YOUR GOAL:
All lines from the one that contains "TV - Pleiades" to the end of the data must be retyped exactly. Pictures are not retyped.

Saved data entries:
···

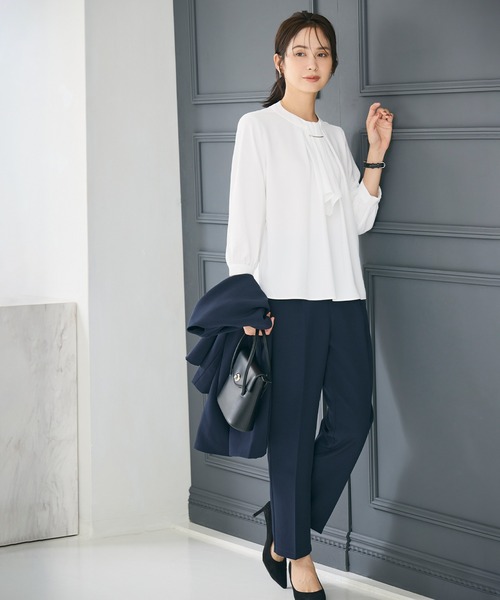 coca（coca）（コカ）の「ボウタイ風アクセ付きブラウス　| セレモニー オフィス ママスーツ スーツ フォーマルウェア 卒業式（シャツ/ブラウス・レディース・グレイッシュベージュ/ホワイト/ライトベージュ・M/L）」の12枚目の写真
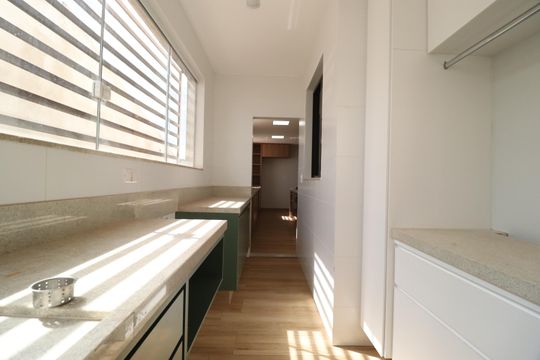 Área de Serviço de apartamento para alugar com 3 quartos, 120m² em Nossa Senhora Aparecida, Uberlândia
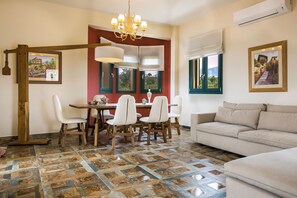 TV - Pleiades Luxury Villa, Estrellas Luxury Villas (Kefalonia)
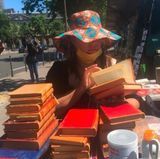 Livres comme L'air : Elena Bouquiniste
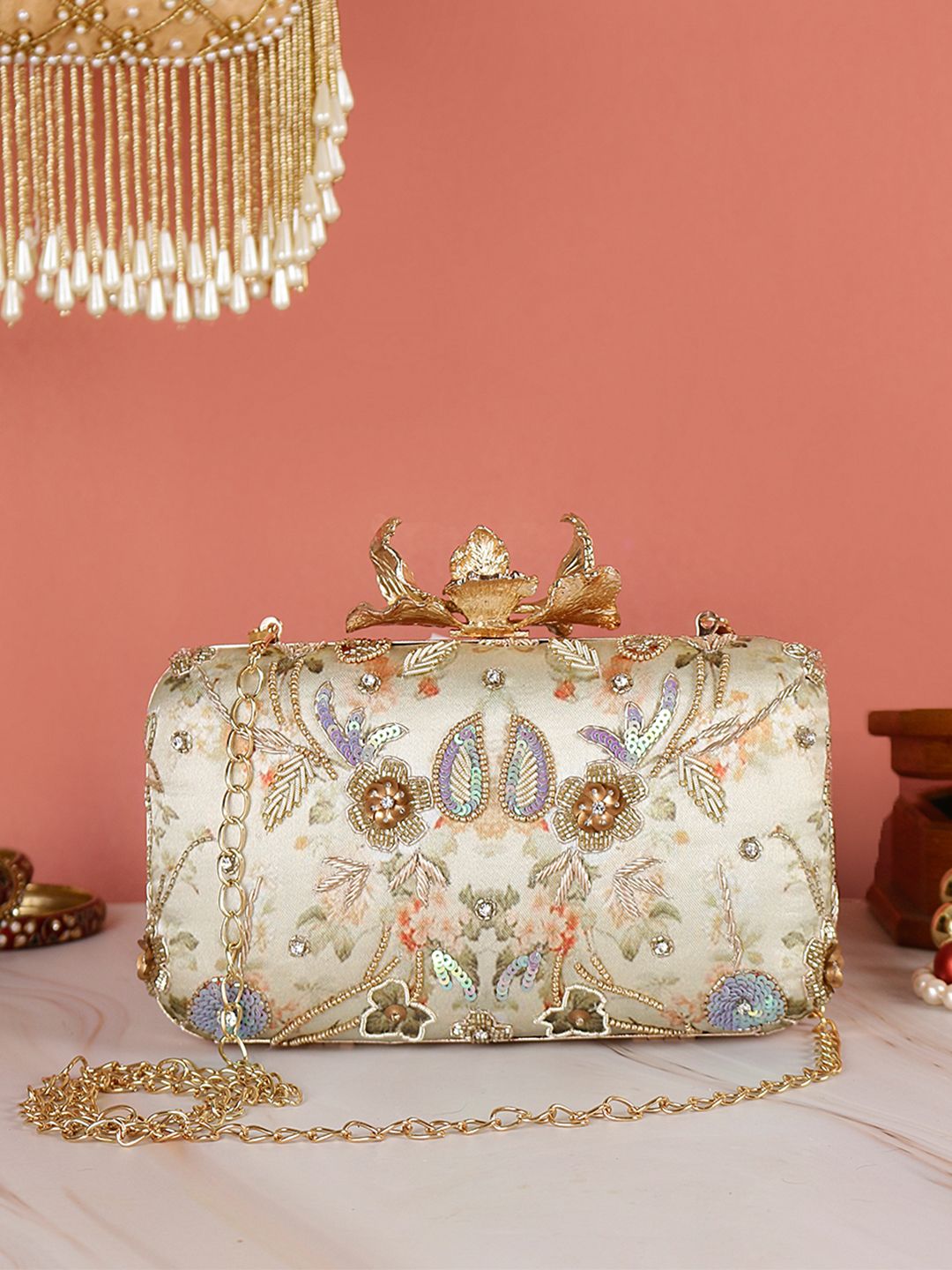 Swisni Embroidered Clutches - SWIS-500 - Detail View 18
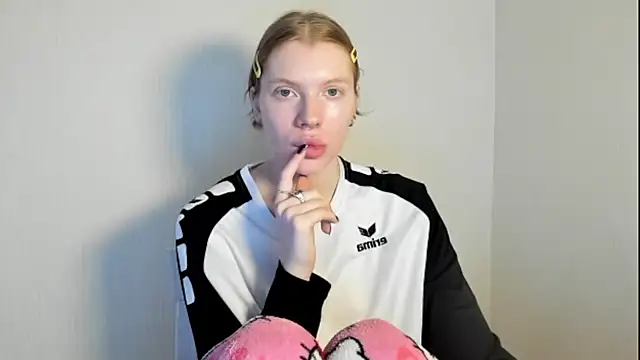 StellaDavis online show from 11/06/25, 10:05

···

TASK RESULT:
 TV - Pleiades Luxury Villa, Estrellas Luxury Villas (Kefalonia)
 Livres comme L'air : Elena Bouquiniste
 Swisni Embroidered Clutches - SWIS-500 - Detail View 18
 StellaDavis online show from 11/06/25, 10:05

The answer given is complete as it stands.